Sometimes, Plaintiffs arguments run directly contrary to case law. For instance, Plaintiff argues that she did not agree to the Arbitration Policy because she “did not even sign” the Arbitration Policy. But Plaintiff signed an “Acknowledgment of Receipt of Employee Handbook,” providing that Plaintiff understood Defendant’s Arbitration Policy and that she received a copy of the Policy. The Ninth Circuit and California courts confirm that Plaintiffs signature on the Acknowledgment is sufficient to show Plaintiffs agreement to arbitrate. See Nghiern v. NEC Elec., Inc., 25 F.3d 1437, 1439 (9th Cir.1994) (“While the FAA requires a writing, it does not require the writing be signed by the parties.” (citations and internal quotation marks omitted)); Avery v. Integrated Healthcare Holdings, Inc., 218 Cal.App.4th 50, 66, 159 Cal.Rptr.3d 444 (2013) (“It is, of course, the law that the parties may incorporate by reference into their contract the terms of some other document.” (citations omitted)); 24 Hour Fitness, Inc. v.
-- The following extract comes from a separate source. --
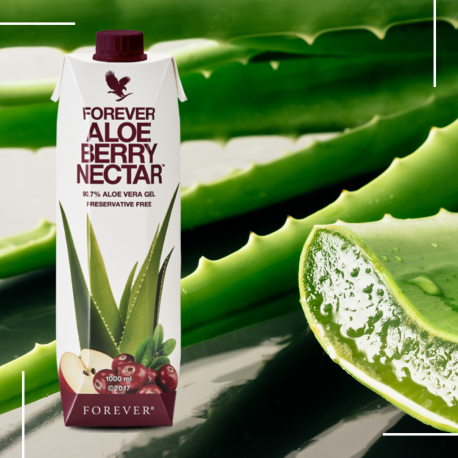 Aloe Berry Nectar Aloe Berry Nectar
Superior Court, 66 Cal.App.4th 1199, 1215, 78 Cal.Rptr.2d 533 (1998) (finding that signing an acknowledgment of receiving an employment handbook was sufficient to show a plaintiffs agreement to the arbitration policy).
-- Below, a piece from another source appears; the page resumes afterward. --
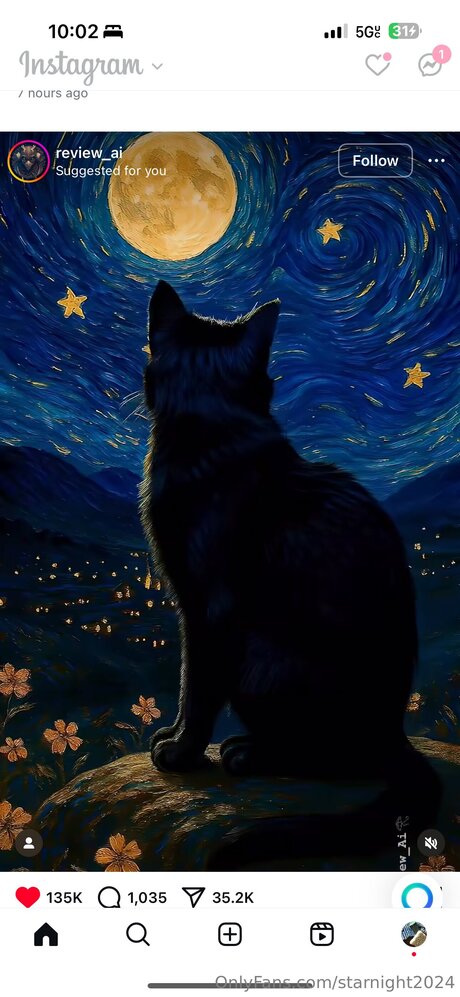 Starnight2024 pornstar art pictures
At other times Plaintiffs arguments lack sufficient support in reason or fact. For instance, Plaintiff argues that the Arbitration Policy was an “adhesive contract” that Defendant presented on a “take-it-or-leave-it” basis without an opportunity to negotiate. But the facts belie Plaintiffs contention, as Plaintiff had well over 10 days between receiving the Arbitration Policy and beginning her employment to think about negotiating the terms of the Policy. Beyond Plaintiffs bombastic, conclusory language, Plaintiff provides inadequate support in law or reason for the argument that presenting a contract that selects a particular forum to adjudicate disputes somehow constitutes “highly oppressive behavior” to invalidate the contract. Lack of negotiating experience or willpower to negotiate contractual terms isn’t enough to conclude that a party to a contract was prevented from negotiating its terms. Perhaps instead Plaintiff cared more about other terms of her employment — like her salary, benefits, and vacation days — and Defendant cared more about different terms — like what would happen if a lawsuit resulted. See PMC Tech. Sales, Inc. v. Cinch Connectors, Inc., SACV 15-1107 AG (DFMx), Dkt. No. 29 (C.D.Cal. Nov. 17, 2015) (rejecting an argument that Plaintiff entered into a “take-it-or-leave-it” contract with a forum selection clause and noting that “[i]t may also be significant that the forum selection clause that was important to Defendant at the inception of the contract was not important to Plaintiff at that time.”). This largely reflects the nature of contract. See Milton & Rose Friedman, Free to Choose 13 (1980) (“[I]f an exchange between two parties is voluntary, it will not. take place unless both believe they will benefit from it. Most economic fallacies *1047derive from the neglect of this simple insight, from the tendency to assume that there is a fixed pie, that one party can gain only at the expense of another.”).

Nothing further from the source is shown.